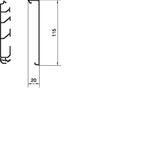 tehalit.SL Podstawa 20x115 czarny SL201151 HAGER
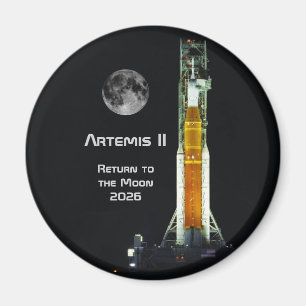 Íman Missão Artemis II na Lua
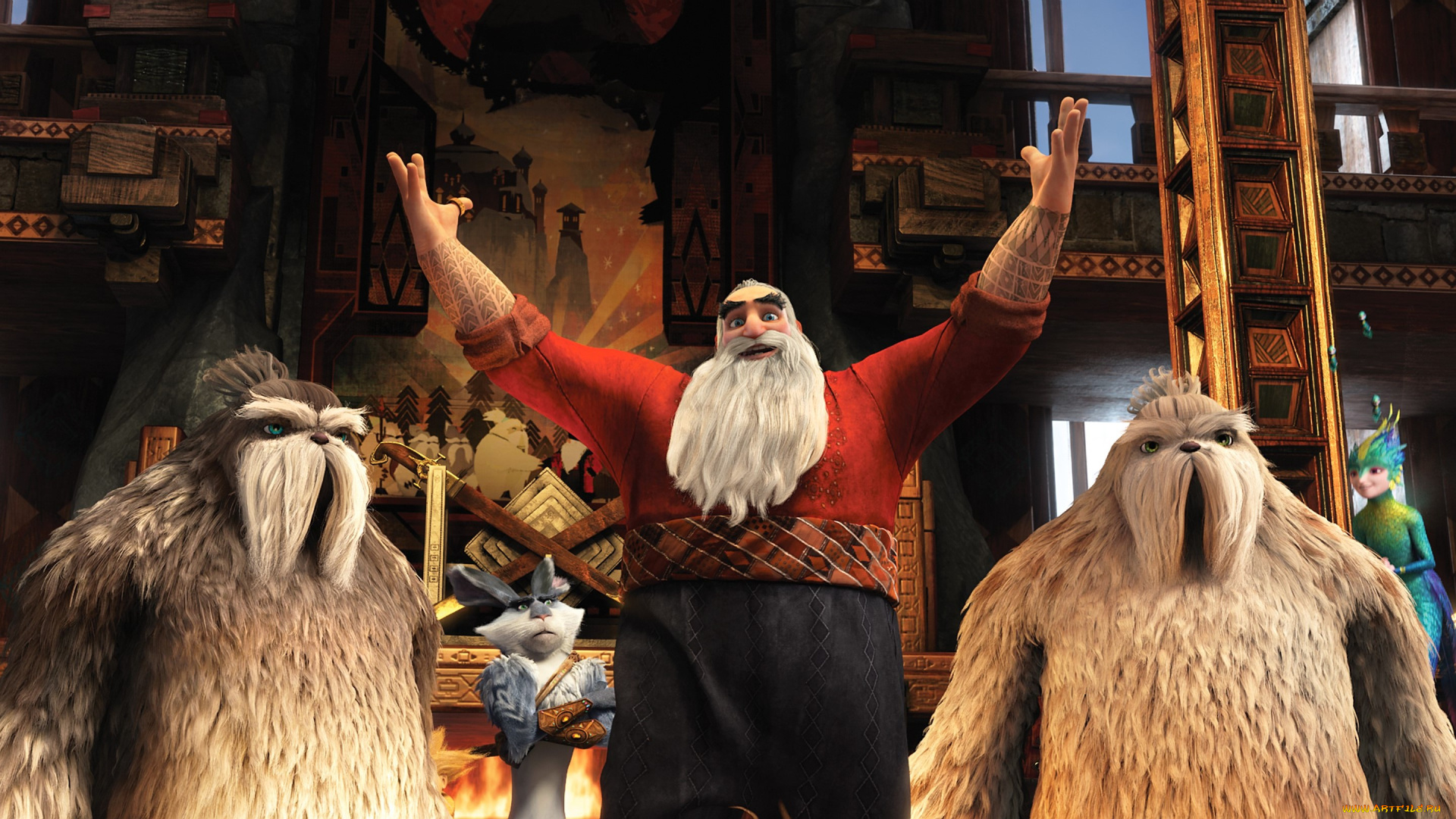 rise, of, the, guardians, мультфильмы, персонажи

#### ACTIVITY:
Without the pictures, transcribe the listing above exactly.

#### TASK ANSWER:
 tehalit.SL Podstawa 20x115 czarny SL201151 HAGER
 Íman Missão Artemis II na Lua
 rise, of, the, guardians, мультфильмы, персонажи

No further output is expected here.